Die Stadt initiiert die Kampagne „Sei mein Nachbar!“, die von Toleranz und Offenheit geprägt sein soll. Bei zwei Auftaktveranstaltungen werden zunächst Ideen für Begegnungsmöglichkeiten der Menschen in der Stadt entwickelt.

Ostfildern - In allen nur erdenklichen Lebensbereichen haben wir Nachbarn. Sie wohnen und arbeiten neben uns, sie treiben mit uns Sport, sitzen in Konzerten und Theateraufführungen an unserer Seite oder kaufen beim Bäcker mit uns ein. Doch wir wissen oft nichts von ihnen, kennen ihre Leidenschaften nicht, haben keine Ahnung davon, was sie gerade beschäftigt, ob sie traurig oder glücklich sind. Mit einem außergewöhnlichen Projekt will Ostfildern unter den Menschen in der Stadt, die in der Nähe sind, ohne sich nahe zu sein, Begegnungen ermöglichen. Sinnigerweise heißt die Kampagne „Sei mein Nachbar!“

 

Vergeblich um Boateng als Schirmherr bemüht

Laut Julia Schlipf, der Leiterin des städtischen Kulturbüros, kommt der Titel nicht von ungefähr. Die Überlegungen für das Projekt seien just in die Diskussion hinein gefallen, die sich entzündet hatte, nachdem der AfD-Vize-Vorsitzende Alexander Gauland den deutschen Fußballnationalspieler Jérôme Boateng mit der Aussage rassistisch beleidigt hatte, so einen wolle niemand „zum Nachbarn haben“. Die Initiatoren vom Kulturbüro und der Kinder- und Jugendförderung (Kiju) Ostfildern hätten sich sogar bemüht, Boateng als Schirmherr zu gewinnen, „aber es sieht nicht so aus, als würde daraus etwas werden“, sagt Julia Schlipf. Dem Engagement der Organisatoren tut das freilich keinen Abbruch. Entstanden sei die Idee anlässlich der Veranstaltungen zum 40-jährigen Bestehen der Stadt Ostfildern, erklärt die Kulturbüro-Chefin. In den vergangenen Monaten seien schon vielfältige Begegnungen arrangiert worden, zum Beispiel im Café Vielfalt, beim integrativen Fußballturnier oder bei diversen Freizeitaktivitäten.

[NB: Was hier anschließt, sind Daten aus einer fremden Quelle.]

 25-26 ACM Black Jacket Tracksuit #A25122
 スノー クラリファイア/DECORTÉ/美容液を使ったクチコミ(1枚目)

Mit der Kampagne wolle die Stadt deutlich machen, „wofür wir stehen – nämlich für Toleranz und Offenheit“. Und das gelte für alle Bereiche und Ebenen des täglichen Lebens. Entsprechend breit gefächert und offen sei das Projekt angelegt. Eingeladen seien alle Bürger, Einrichtungen, Unternehmen, Schulen, Kinderbetreuungseinrichtungen, Vereine und Glaubensgemeinschaften, ihre ganz speziellen Begegnungsmöglichkeiten anzubieten – „egal, ob große oder kleine“, sagt Julia Schlipf.

Kein Erwartungsdruck seitens der Initiatoren

Es bestehe absolut kein Erwartungsdruck seitens der Initiatoren. Jeder sei willkommen, „der Urschwabe genauso wie der Flüchtling“. Es sei ganz einfach der Versuch, entgegen der gesellschaftlichen Entwicklung „Werte aus dem Keller zu holen“. Dabei solle auch nicht die pädagogische Keule ausgepackt werden, es solle einfach „Spaß machen“, andere Menschen, deren Lebensumstände und Ansichten kennen zu lernen. In zwei Auftaktveranstaltungen sollen das Projekt erklärt und Ideen entwickelt werden. Vorstellbar seien größere Feste und Feiern, bei denen sich Menschen begegnen – aber auch „kleine, feine Dinge“, wie etwa eine Einladung unter Wohnnachbarn. Die Stadt Ostfildern begleite das niederschwellige Angebot und könne bei Bedarf auch bei der Organisation helfen. „Wo es notwendig ist, wird das unterstützt“, erklärt Julia Schlipf – auch finanziell, obwohl es ihr zufolge kein festes Budget für die Kampagne gibt.

Bei den Feierlichkeiten zum 40-jährigen Stadtbestehen habe sich gezeigt, dass die Identifikation innerhalb der verschiedenen Stadtteile ganz unterschiedlich sei. In einem so jungen wie dem Scharnhauser Park liefen Begegnungen anders ab als etwa in gewachsenen wie Kemnat oder Nellingen. Deshalb könne nur schwer eingeschätzt werden, wie sich das Projekt entwickle. Aber jede Veranstaltung im Rahmen von „Sei mein Nachbar!“ solle dokumentiert werden – „und wenn es nur ein Foto von der Begegnung ist“.